» **Task directions**
Once you find the line containing "LOLA Postpartum Underwear" in the data below, copy it and each following line exactly, up to and including the line containing "Printed short sleeve V-neck dress", and nothing else.

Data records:
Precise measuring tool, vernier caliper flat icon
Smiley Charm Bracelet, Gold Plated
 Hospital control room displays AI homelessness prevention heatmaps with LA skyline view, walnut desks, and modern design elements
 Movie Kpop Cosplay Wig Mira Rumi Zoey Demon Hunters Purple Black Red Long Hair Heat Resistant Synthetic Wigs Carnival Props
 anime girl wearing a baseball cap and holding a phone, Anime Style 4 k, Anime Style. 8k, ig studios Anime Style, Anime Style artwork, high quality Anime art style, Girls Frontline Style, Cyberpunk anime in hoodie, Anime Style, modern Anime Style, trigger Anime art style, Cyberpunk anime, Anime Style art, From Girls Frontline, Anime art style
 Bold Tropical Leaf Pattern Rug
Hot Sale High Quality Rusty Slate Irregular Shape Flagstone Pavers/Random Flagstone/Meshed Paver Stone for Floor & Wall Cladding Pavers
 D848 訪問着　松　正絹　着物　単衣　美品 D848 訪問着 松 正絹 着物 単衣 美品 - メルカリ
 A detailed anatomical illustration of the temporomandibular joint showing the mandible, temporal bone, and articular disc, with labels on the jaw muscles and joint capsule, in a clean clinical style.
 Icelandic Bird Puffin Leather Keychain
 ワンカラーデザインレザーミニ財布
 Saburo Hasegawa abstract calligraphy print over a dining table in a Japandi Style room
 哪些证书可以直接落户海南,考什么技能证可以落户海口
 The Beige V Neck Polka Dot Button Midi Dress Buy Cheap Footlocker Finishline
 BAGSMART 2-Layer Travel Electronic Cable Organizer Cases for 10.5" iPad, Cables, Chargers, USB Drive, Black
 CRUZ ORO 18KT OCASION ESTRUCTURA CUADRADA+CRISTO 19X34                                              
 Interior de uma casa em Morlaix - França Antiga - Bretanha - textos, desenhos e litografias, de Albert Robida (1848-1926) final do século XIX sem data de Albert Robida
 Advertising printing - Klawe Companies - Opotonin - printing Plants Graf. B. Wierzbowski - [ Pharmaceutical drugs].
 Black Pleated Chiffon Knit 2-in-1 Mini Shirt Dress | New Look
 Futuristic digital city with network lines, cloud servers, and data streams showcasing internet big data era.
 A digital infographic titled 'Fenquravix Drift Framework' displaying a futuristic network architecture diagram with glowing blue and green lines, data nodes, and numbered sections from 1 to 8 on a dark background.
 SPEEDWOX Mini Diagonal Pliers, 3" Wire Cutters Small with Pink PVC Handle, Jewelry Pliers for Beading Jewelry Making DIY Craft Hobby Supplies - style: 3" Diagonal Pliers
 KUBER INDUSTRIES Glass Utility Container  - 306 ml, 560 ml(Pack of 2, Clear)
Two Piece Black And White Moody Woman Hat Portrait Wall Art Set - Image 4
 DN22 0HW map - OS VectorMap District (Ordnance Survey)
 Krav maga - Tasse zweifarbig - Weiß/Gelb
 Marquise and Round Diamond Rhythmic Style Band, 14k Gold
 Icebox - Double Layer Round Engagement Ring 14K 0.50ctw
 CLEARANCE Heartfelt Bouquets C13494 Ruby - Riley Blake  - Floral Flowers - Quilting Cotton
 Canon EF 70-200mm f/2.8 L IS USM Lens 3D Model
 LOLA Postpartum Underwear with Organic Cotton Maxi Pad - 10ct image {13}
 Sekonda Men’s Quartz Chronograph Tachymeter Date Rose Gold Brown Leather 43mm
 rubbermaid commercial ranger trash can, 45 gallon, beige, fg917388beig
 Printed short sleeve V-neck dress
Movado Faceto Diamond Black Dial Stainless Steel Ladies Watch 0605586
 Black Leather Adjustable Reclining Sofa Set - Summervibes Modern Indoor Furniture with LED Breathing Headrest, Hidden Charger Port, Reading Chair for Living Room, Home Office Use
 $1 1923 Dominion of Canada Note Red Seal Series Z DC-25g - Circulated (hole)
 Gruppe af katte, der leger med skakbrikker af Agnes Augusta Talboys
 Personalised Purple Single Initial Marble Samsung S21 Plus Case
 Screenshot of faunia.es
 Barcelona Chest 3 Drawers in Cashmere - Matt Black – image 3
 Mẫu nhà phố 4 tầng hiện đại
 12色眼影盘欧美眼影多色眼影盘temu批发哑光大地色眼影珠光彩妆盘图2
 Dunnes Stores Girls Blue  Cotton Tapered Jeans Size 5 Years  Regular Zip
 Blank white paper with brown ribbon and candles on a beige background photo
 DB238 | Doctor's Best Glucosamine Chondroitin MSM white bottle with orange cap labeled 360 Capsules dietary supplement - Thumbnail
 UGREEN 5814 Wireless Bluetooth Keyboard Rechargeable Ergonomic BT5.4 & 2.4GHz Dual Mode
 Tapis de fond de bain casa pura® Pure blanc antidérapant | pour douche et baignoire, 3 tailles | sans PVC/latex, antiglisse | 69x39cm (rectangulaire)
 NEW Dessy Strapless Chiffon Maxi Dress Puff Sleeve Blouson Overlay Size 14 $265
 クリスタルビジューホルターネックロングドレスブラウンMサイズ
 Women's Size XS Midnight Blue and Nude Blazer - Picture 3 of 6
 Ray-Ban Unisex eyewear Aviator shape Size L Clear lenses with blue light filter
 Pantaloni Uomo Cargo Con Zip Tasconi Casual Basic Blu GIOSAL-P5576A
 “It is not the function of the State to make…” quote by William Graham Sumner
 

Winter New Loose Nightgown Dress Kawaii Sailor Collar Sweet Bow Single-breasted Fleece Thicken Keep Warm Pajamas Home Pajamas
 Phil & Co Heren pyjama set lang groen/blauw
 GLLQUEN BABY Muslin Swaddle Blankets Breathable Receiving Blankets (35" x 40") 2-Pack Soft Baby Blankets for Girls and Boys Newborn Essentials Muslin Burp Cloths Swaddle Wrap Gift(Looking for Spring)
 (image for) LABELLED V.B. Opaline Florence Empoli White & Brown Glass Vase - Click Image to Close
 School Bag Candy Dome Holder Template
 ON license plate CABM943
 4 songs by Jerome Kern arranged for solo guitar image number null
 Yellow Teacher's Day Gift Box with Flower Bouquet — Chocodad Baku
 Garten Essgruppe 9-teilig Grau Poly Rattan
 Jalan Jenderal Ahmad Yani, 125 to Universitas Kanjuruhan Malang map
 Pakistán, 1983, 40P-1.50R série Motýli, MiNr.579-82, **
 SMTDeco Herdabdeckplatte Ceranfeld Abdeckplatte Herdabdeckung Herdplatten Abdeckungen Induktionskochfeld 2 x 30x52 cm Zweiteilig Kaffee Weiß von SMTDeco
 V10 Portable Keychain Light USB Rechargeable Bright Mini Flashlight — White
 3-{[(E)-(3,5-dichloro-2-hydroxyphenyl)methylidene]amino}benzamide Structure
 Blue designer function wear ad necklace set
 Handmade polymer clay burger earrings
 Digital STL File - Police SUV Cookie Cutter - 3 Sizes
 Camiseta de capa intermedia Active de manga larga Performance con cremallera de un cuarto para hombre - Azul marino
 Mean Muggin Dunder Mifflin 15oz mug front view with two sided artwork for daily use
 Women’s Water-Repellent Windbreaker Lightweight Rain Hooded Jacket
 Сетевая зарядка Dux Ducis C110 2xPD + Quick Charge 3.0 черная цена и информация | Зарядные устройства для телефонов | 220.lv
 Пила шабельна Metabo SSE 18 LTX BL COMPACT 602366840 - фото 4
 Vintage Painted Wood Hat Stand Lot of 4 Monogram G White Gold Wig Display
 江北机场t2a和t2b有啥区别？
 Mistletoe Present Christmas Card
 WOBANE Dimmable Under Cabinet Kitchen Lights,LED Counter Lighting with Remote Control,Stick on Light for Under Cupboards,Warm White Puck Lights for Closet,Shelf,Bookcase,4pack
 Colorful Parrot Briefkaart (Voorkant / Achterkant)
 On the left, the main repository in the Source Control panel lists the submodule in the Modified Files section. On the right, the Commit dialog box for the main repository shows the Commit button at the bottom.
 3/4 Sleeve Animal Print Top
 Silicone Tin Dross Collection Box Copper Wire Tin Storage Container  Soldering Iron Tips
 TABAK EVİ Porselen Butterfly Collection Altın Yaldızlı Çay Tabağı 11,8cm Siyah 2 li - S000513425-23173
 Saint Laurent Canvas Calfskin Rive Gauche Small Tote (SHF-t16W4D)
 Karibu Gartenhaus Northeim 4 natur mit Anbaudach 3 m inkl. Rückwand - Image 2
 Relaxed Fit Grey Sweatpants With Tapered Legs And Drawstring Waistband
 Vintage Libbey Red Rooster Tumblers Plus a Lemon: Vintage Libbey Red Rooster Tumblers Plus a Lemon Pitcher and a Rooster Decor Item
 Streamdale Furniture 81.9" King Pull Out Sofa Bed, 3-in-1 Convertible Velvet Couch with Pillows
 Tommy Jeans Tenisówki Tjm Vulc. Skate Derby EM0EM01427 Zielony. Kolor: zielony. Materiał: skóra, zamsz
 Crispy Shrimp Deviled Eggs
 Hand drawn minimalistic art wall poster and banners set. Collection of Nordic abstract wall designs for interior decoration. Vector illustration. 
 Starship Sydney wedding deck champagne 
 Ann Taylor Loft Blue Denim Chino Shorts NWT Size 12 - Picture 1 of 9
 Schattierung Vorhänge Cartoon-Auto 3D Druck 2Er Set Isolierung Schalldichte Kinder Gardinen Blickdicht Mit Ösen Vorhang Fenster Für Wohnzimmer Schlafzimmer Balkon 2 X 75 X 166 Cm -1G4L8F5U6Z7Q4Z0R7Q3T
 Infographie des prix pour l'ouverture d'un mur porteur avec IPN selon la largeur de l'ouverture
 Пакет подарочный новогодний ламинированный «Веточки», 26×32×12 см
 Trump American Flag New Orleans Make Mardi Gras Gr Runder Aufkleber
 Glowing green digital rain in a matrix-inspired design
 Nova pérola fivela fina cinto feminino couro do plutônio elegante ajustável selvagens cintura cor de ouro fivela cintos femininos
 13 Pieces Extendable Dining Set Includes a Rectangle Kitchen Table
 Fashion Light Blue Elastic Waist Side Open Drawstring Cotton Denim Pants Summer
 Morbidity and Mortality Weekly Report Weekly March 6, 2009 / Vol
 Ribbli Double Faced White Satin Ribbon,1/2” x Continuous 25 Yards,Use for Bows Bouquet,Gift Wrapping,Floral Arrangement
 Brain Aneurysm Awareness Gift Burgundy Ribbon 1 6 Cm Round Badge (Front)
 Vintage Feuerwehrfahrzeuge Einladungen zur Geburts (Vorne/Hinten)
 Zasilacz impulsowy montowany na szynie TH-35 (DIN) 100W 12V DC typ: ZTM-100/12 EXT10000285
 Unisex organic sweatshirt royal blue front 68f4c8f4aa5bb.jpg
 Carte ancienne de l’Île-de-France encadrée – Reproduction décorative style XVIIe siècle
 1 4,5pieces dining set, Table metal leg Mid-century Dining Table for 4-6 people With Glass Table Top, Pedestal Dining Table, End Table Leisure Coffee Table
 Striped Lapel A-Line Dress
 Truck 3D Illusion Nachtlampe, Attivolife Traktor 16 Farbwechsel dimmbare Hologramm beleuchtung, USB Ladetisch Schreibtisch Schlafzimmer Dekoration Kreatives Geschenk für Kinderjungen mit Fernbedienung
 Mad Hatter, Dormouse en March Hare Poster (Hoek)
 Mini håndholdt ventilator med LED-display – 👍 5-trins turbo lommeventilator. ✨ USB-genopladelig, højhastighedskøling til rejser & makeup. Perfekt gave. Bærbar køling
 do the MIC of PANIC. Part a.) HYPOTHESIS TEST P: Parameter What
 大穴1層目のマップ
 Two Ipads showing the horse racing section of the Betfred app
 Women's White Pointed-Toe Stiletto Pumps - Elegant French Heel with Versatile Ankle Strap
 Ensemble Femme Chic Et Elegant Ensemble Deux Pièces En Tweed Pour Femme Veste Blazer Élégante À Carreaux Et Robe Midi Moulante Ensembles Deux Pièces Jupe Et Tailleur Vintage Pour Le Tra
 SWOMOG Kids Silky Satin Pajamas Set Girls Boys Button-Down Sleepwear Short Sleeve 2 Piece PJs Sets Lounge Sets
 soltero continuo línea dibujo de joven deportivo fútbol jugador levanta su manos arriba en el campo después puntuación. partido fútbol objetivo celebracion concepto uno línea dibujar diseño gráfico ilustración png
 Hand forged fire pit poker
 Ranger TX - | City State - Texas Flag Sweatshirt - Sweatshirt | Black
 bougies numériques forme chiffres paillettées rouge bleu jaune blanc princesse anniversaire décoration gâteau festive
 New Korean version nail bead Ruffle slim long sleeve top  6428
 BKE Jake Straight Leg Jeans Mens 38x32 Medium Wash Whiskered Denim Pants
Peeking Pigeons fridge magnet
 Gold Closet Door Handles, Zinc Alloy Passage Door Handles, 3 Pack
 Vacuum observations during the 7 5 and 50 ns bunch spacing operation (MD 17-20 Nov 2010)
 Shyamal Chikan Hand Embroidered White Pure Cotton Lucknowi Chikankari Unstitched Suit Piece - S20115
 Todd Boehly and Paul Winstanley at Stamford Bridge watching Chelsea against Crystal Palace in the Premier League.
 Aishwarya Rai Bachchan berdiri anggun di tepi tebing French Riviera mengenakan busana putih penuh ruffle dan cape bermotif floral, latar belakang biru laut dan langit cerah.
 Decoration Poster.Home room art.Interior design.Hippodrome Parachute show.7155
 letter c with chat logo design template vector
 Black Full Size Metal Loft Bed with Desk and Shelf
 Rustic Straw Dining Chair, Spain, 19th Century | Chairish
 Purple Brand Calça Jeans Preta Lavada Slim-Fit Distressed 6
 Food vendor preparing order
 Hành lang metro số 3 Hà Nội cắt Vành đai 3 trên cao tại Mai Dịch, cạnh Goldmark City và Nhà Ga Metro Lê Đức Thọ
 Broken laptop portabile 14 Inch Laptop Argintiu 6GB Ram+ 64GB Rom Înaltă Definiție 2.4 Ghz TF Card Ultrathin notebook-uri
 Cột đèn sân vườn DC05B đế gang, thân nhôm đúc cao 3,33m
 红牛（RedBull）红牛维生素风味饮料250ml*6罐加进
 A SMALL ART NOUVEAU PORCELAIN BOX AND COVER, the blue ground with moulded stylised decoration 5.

» **Your solution**
 LOLA Postpartum Underwear with Organic Cotton Maxi Pad - 10ct image {13}
 Sekonda Men’s Quartz Chronograph Tachymeter Date Rose Gold Brown Leather 43mm
 rubbermaid commercial ranger trash can, 45 gallon, beige, fg917388beig
 Printed short sleeve V-neck dress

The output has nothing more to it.